The challenge is that it typically takes years to transform a startup from a fantasy into a real business. Sure there are small milestones along the way that help make the startup more real, but the road to reality is long. At the start there are questions about building the team; then about the product’s market fit. Once a product is launched and adoption begins, there are questions about achieving early sales. Once early sales are achieved there are questions about whether the company will become profitable. Once profitable, there are questions about whether the startup scales and how fast. These fears pretty much prevail until the company is large and profitable or achieves liquidity. In my case, I had some reassurance that the company was not a fantasy when we received the first acquisition offer four years after we started the company. However, once we sold Brontes, the nightmares came back, as I was operating the company for 3M and realized that we were still a pre-revenue fantasy.
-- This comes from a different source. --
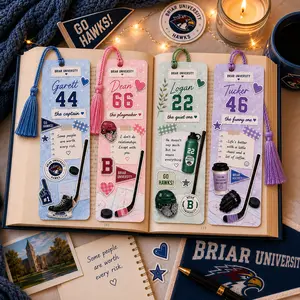 BriarU Hockey Team Bookmark, Off Campus Hockey Team Bookmark, Team Garrett 44 Bookmark, Team DiLaurentis 66 Bookmark, Team Logan 22 Bookmark, Team Tucker 46 Bookmark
The only thing that made me feel better the morning after each of these nightmares was to get into the office and ask myself – What can I do today to make my company a little less of a fantasy? What can I do to make the company a little more real? These are the key questions for any founder at any stage of a startup. It is often unclear what milestones will make a company more real. A successful founder must discover the right milestones and spend every day chiseling away at the fantasy and finding reality.
April 6, 2010 at 3:28 pm
Great post and completely agree. Fear is an amazing motivator and I’ve never been more afraid than when I took VC money or recruited new team members to join. For me, that fear of letting folks down is much more powerful than greed.
That said, I was a little disappointed to find out this wasn’t a post about Tiger Wood’s 😉
April 6, 2010 at 8:33 pm
Thanks for the post, Eric. Beautifully put, and staring down the barrel of this awesome, fearsome situation right now.
April 6, 2010 at 10:13 pm
It is certainly not courageous to lead people that trust you off a cliff. I think the point is that you are entitled to your doubts like everyone else, but it is your responsibility as a leader to work ceaselessly to eliminate the cause for fear. That is brave. Cowardice is realizing that your train is headed for the precipice, but not doing anything about it because you have a golden parachute. See Ken Lay, Madoff, and any other list of selfish but spineless a$$holes.
April 6, 2010 at 10:33 pm
great post.
it’s interesting to hear this level of candor. you hear lots of “we killed it from the start” stories about start-ups. are they entirely true?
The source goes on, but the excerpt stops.